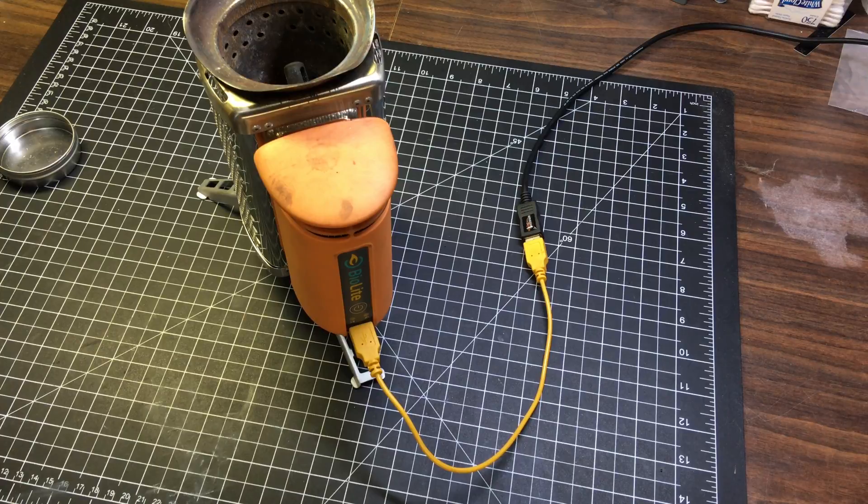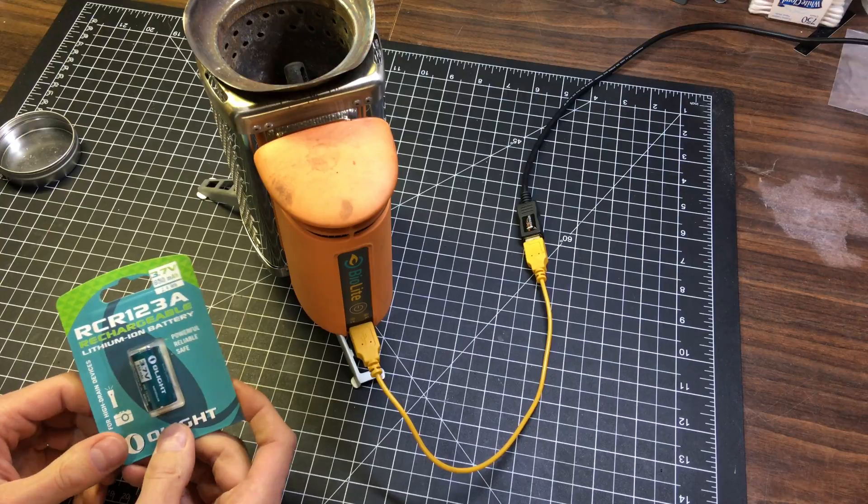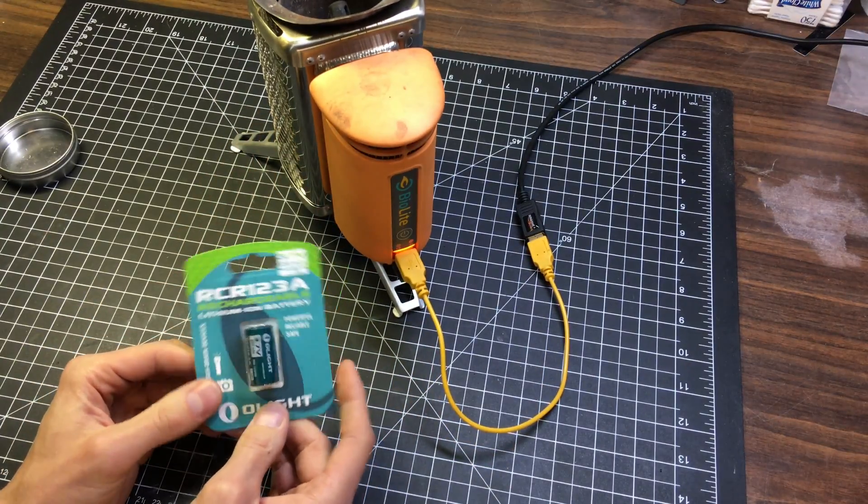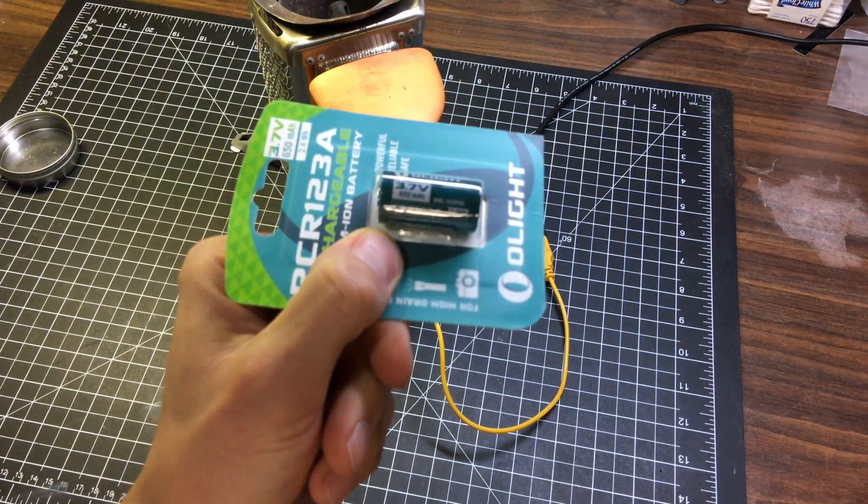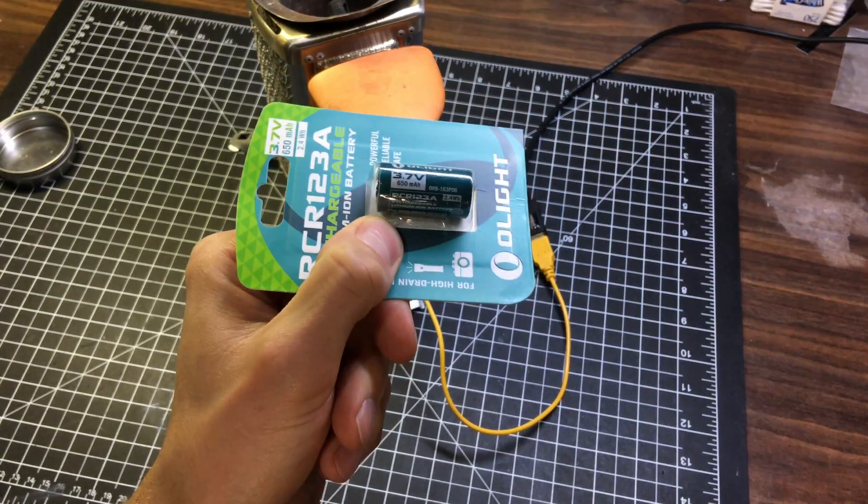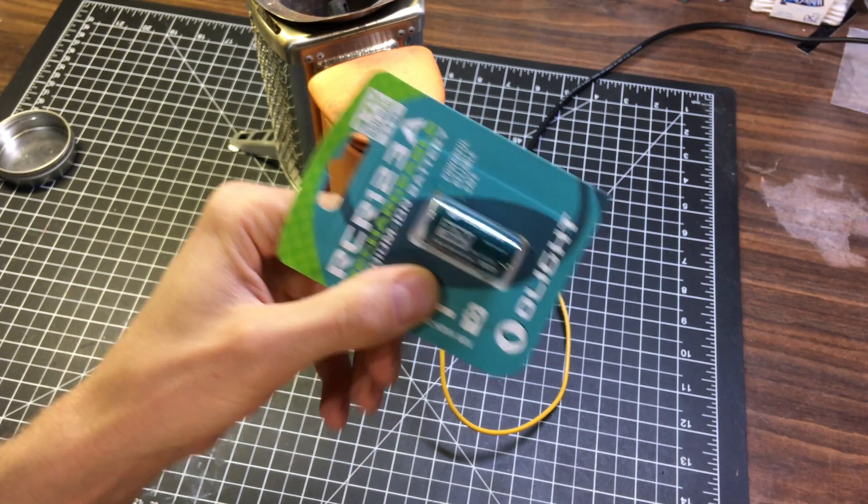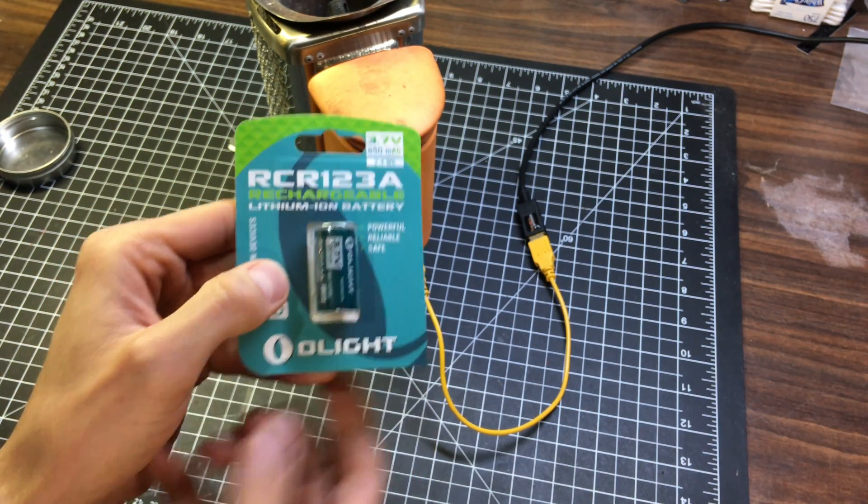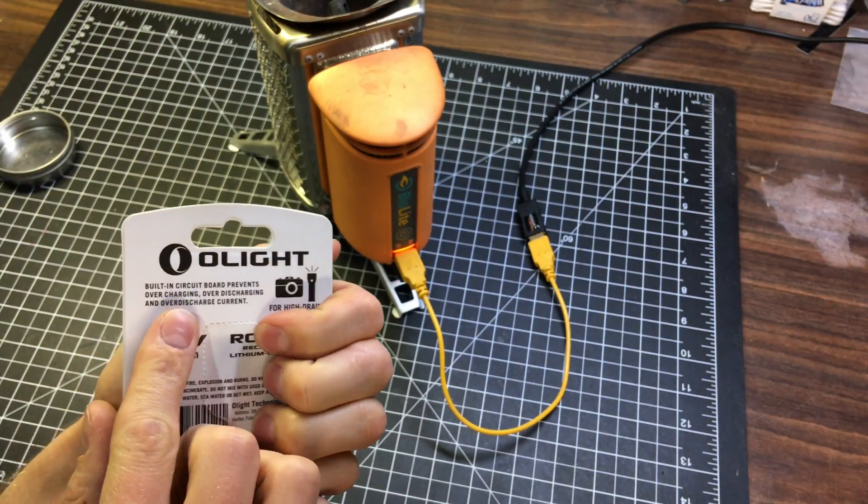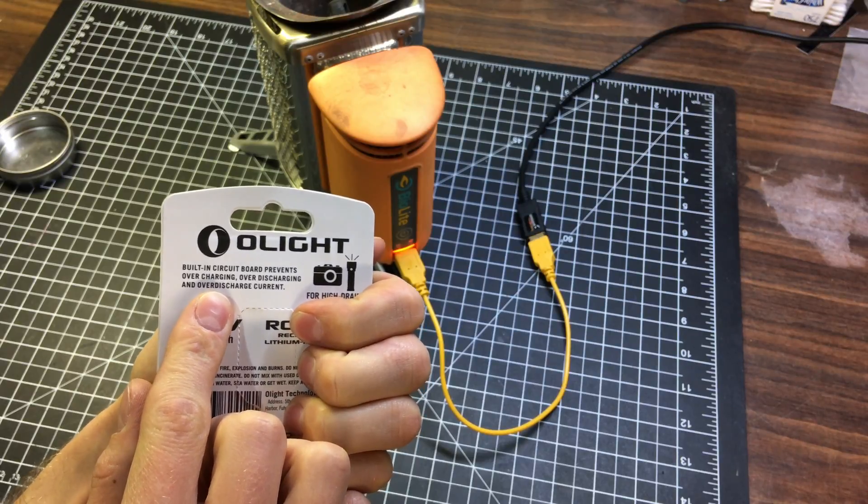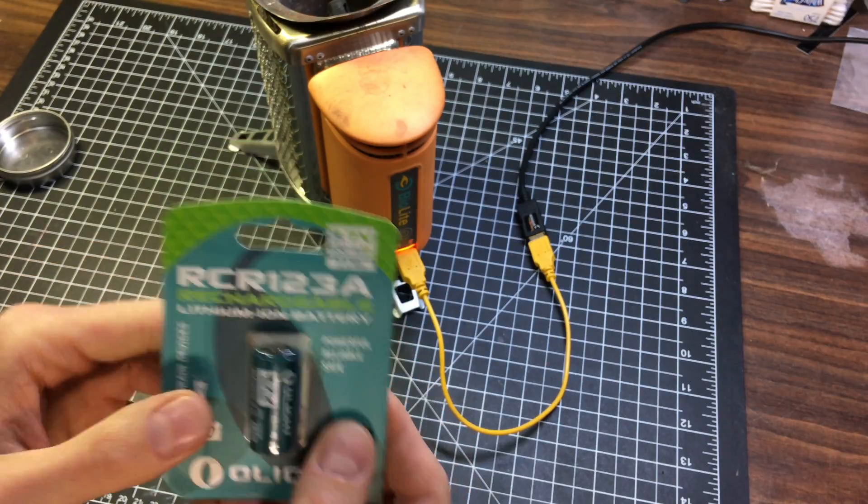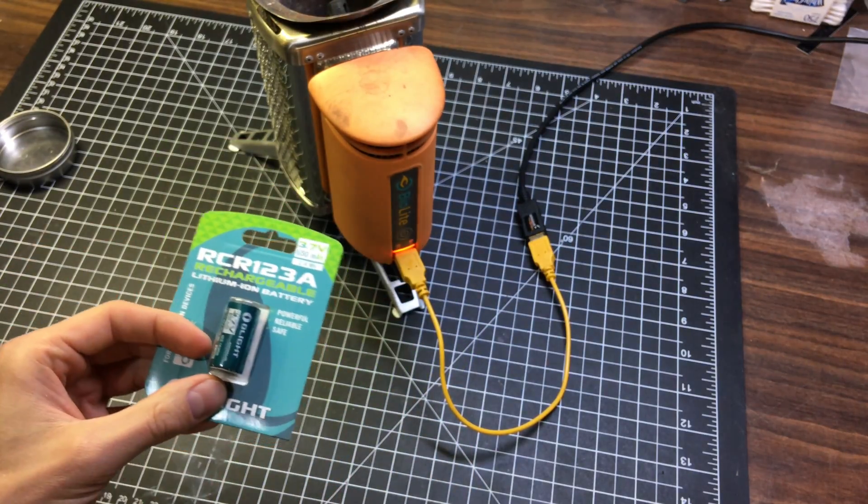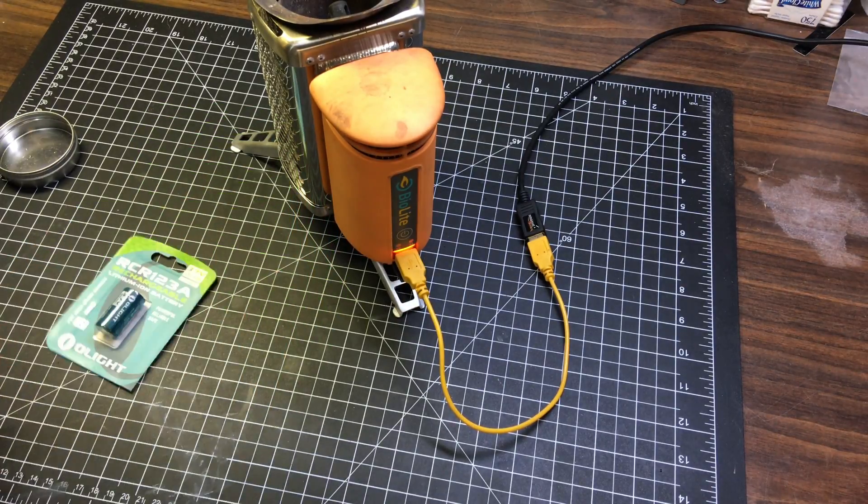So I'm thinking the internal battery is dead and we'll have to replace it. I got a replacement. I checked online and found some pictures of someone who had disassembled one. This is a 3.7 volt, 650 milliamp hour lithium ion rechargeable. And this particular one has a circuit board that prevents overcharging and over discharging. So hopefully that won't interfere with the internal circuitry of the BioLite.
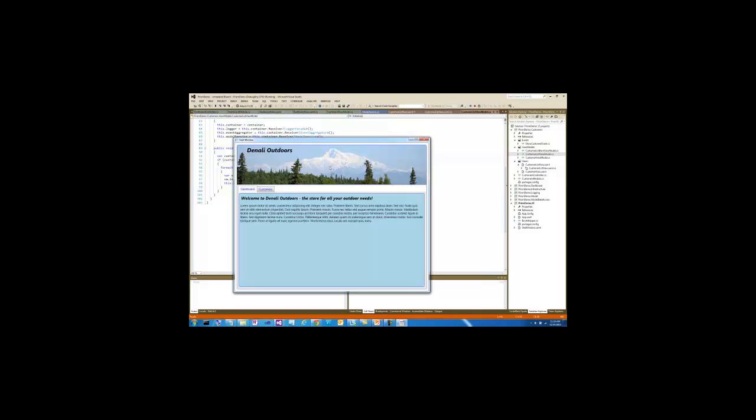As before, we already have the header region populated. The dashboard was injected into the body region.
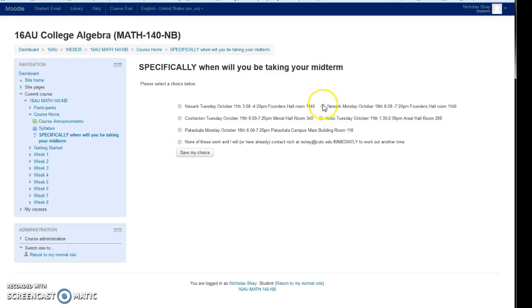Go ahead and select one of these, whichever one you'll be attending, and then that way I'll know specifically who is going to which exam. So please do take a second this week and fill that out and select which specific time you're going to be attending. Thanks.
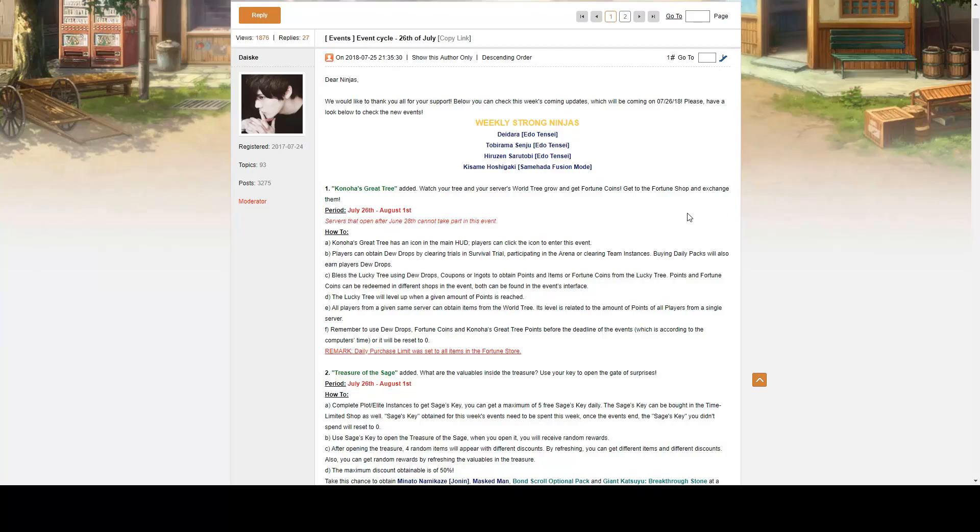Hello ladies and gents, Azuka here, bringing to you another video for the English version of Naruto Online published by Oasis Games.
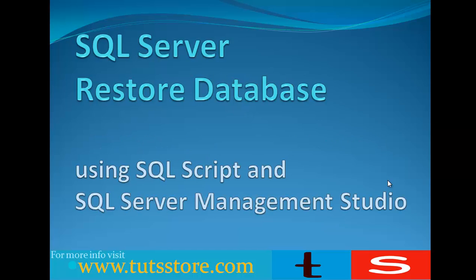Now I am going to show you how to restore SQL Server Database using SQL Script and SQL Server Management Studio. So let's get started.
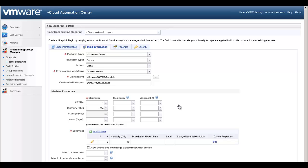If you select an approval policy on the Blueprint Information tab and use one or more maximum specifications, you can also set approval thresholds. Only machines for which the requester sets one or more of the specifications at or above the approval threshold will require approval.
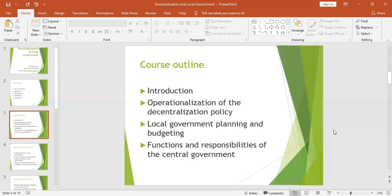It means reversing the concentration of administration at a single center and confining powers to local government. James Manor defined decentralization as a democratic system where power is given to local authorities from the central government democratically, and highlights a number of benefits towards the policy. The best known definition has been given by Lord Nair, who defined it as the transfer of responsibility for planning, management, and resource raising and allocation from the central government to local units of government.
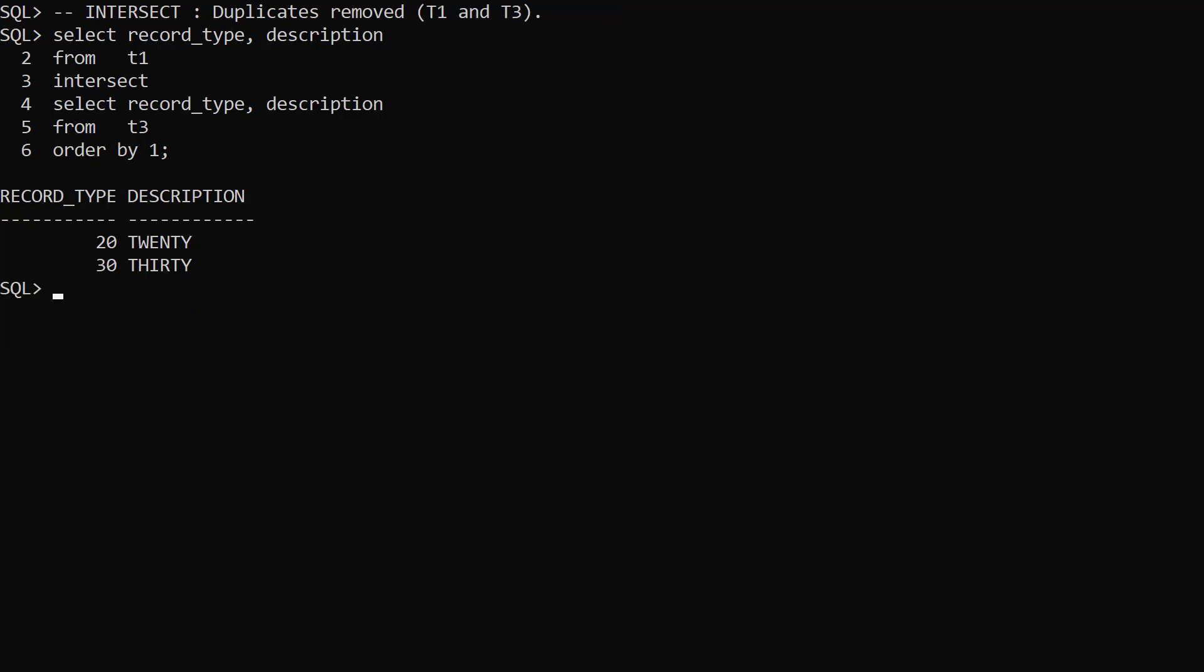We switch back to using Intersect, but continue to use T3 as the second table. Since duplicates are removed again, we go back to matching a single row for each record type.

___

Give again the stretch of lines above from the one with "Hello ladies and" through the one with "If you select", both ends kept, and copy no pictures.

## OUTPUT OF THE TASK
Hello ladies and gents, Azuka here, bringing to you another video for the English version of Naruto Online published by Oasis Games.
Now I am going to show you how to restore SQL Server Database using SQL Script and SQL Server Management Studio. So let's get started.
If you select an approval policy on the Blueprint Information tab and use one or more maximum specifications, you can also set approval thresholds. Only machines for which the requester sets one or more of the specifications at or above the approval threshold will require approval.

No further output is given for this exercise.